▶ **Data listing**:
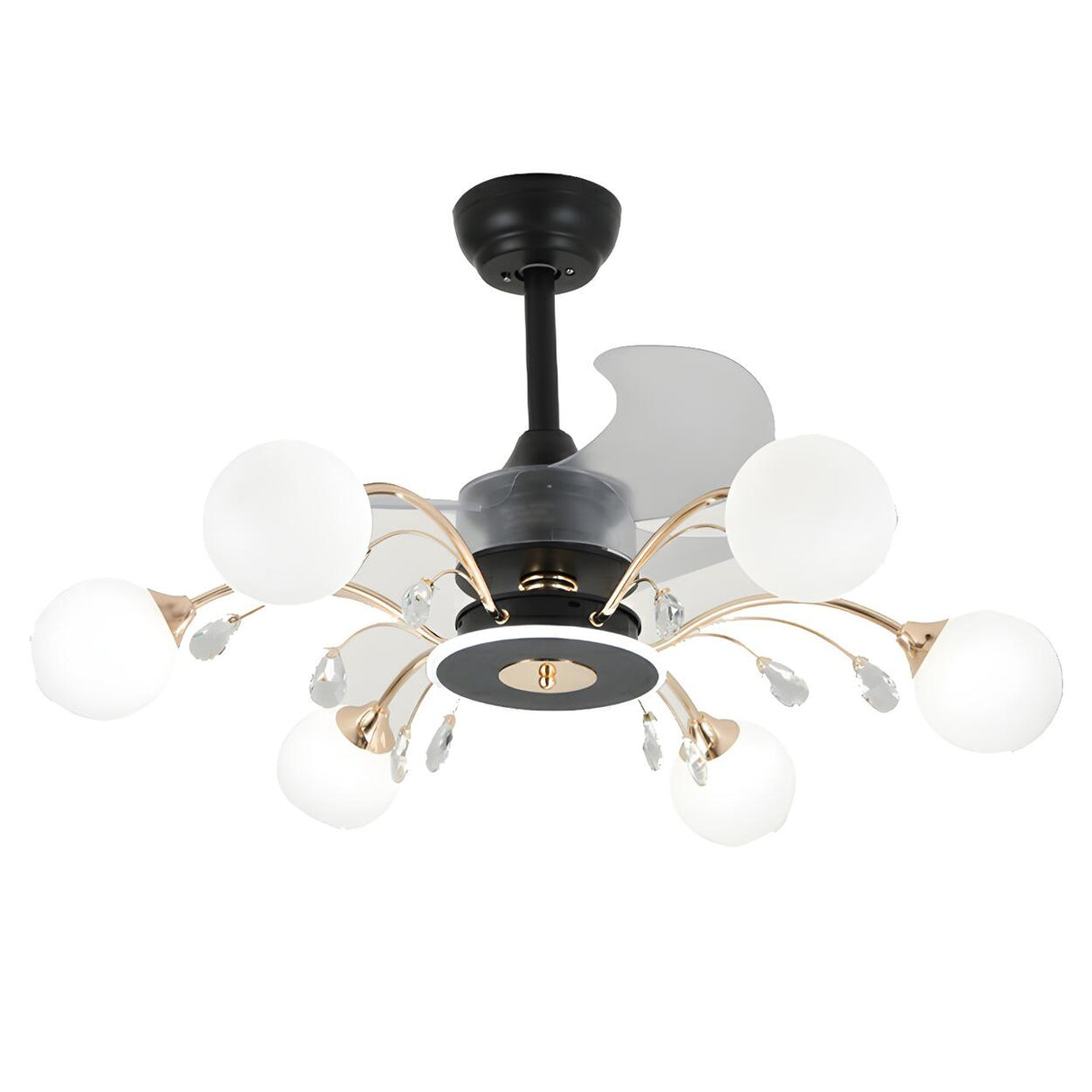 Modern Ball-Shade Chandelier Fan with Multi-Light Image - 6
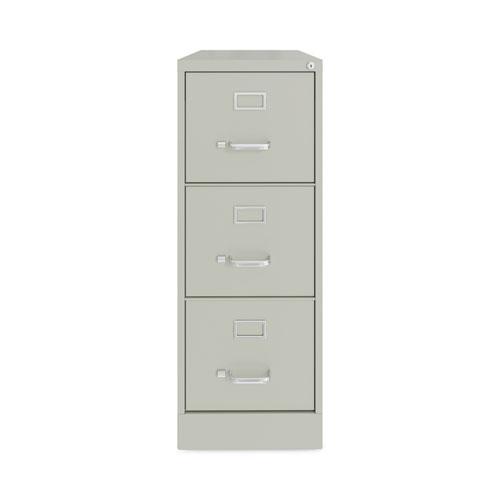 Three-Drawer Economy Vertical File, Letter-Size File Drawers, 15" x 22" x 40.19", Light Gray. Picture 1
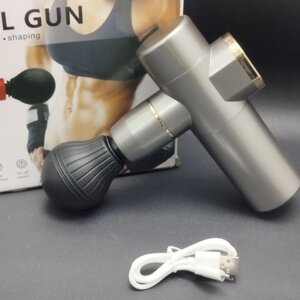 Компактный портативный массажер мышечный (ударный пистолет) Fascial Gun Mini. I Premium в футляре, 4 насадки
* * *
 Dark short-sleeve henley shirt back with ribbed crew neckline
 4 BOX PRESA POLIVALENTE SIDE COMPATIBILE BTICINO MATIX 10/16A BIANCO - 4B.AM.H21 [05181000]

▶ **Exercise details**: Whatever pictures the records hold, omit them; give again exactly the lines from the one containing "Three-Drawer Economy Vertical" through the one containing "Компактный портативный массажер".

▶ **Exercise solution**:
 Three-Drawer Economy Vertical File, Letter-Size File Drawers, 15" x 22" x 40.19", Light Gray. Picture 1
 Компактный портативный массажер мышечный (ударный пистолет) Fascial Gun Mini. I Premium в футляре, 4 насадки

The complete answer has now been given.